Importing pgp keys from keybase into gpg

This can be useful for a number of things including singing git commits which uses gpg.

If you don't have gpg already installed, you can install it with most package managers on unix systems, on macos you can brew install gpg.

Assuming you have published your public and private keys, simply install gpg, and then you can import them directly.

# Import the public key
$ keyabse pgp export | gpg --import

# Import the private key
$ keybase gpg export -s | gpg --allow-secret-key-import --import

During the second command, you may be asked by keybase to authenticate and create a passphrase for the key. Read these carefully and make sure to store your passwords using a password manager.

Exporting gpg keys

Now you've imported your pgp keys into gpg, you can now export them in the gpg format for use in things like git. This is the main reason people try to use keybase and gpg together.

You'll probably want to export your gpg public key and upload it to something like github or gitlab. You may also wish to distribute this to people so they can verify the tags of your git repository.

# Export the gpg key from gpg
$ gpg --armor --export youremail@email.com

Simply replace youremail@email.com with the email address attached to your key. If you can't remember what email address is attached to your public key, you can list all your gpg keys with gpg --list-keys.

You can now attach this to your github, gitlab, or preferred git remote host which will automatically verify either commits or tags.
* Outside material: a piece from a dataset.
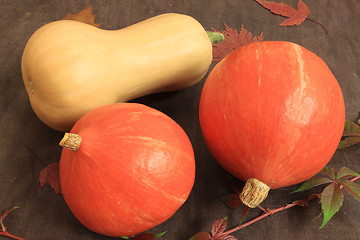 Image showing Pumpkins.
You can also distribute this as desired to others for verification purposes.

Troubleshooting

If you're getting the following error, you might not have told GPG what TTY to use to ask for a passphrase.

error: gpg failed to sign the data
error: unable to sign the tag

This can be fixed in a few ways, first you can tell GPG to use the current TTY via:

$ export GPG_TTY=$(tty)

Or, a more popular option is to install pinentry via brew install pinentry.